Why do Machine Learning Notebooks Crash?
- URL: http://arxiv.org/abs/2411.16795v1
- Date: Mon, 25 Nov 2024 09:33:08 GMT
- Title: Why do Machine Learning Notebooks Crash?
- Authors: Yiran Wang, Willem Meijer, José Antonio Hernández López, Ulf Nilsson, Dániel Varró,
- Abstract summary: We collect 64,031 ML notebooks containing 92,542 crashes from GitHub and Kaggle.
We analyze a sample of 746 crashes across various aspects, including exception types and root causes.
Our analysis reveals that 87% of crashes are caused by API misuse, data confusion, notebook-specific issues, environment problems, and implementation errors.

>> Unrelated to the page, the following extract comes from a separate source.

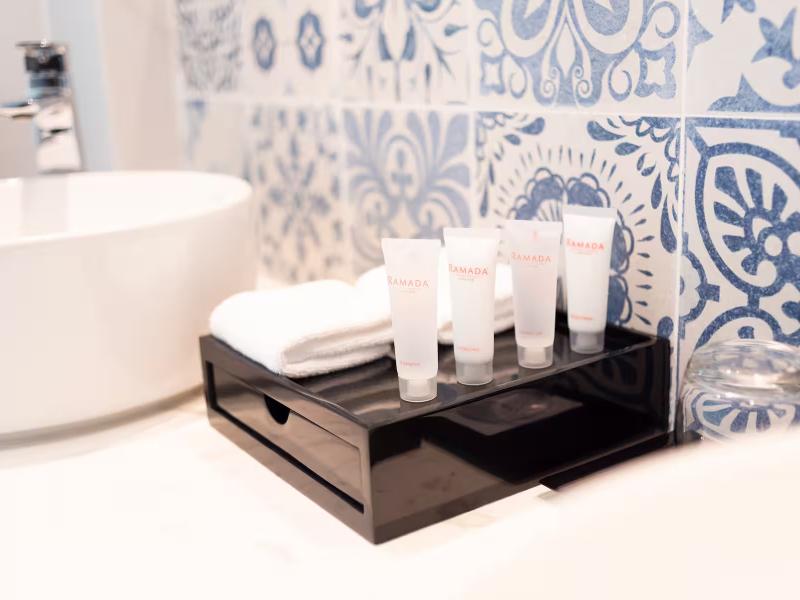 Ramada Plaza by Wyndham Chao Fah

- Score: 1.8292110434077904
- License: http://creativecommons.org/licenses/by/4.0/
- Abstract: Jupyter notebooks have become central in data science, integrating code, text and output in a flexible environment. With the rise of machine learning (ML), notebooks are increasingly used for ML prototyping and data analysis. However, due to their dependence on complex ML libraries and the flexible notebook semantics that allow cells to be run in any order, notebooks are susceptible to software bugs that may lead to program crashes. This paper presents a comprehensive empirical study focused on crashes in ML notebooks. We collect 64,031 ML notebooks containing 92,542 crashes from GitHub and Kaggle, and manually analyze a sample of 746 crashes across various aspects, including exception types and root causes. Our analysis highlights unique root causes related to notebook semantics, including out-of-order execution and previous cell error, that have not been thoroughly covered in earlier research. Furthermore, we categorize crashes as ML bugs or general Python bugs and examine how the crashes are distributed across different stages of the ML pipeline. Our analysis reveals that 87% of crashes are caused by API misuse, data confusion, notebook-specific issues, environment problems, and implementation errors. Crashes are more commonly related to ML bugs than general Python bugs, particularly in Kaggle notebooks, where over 70% of crashes are ML-related. The distribution of crashes across ML pipeline stages differs between the two platforms. Additionally, most crashes (58%) occur during data preparation, model training, and evaluation/prediction stages of the ML pipeline. GitHub and Kaggle exhibit different crash distributions across these stages.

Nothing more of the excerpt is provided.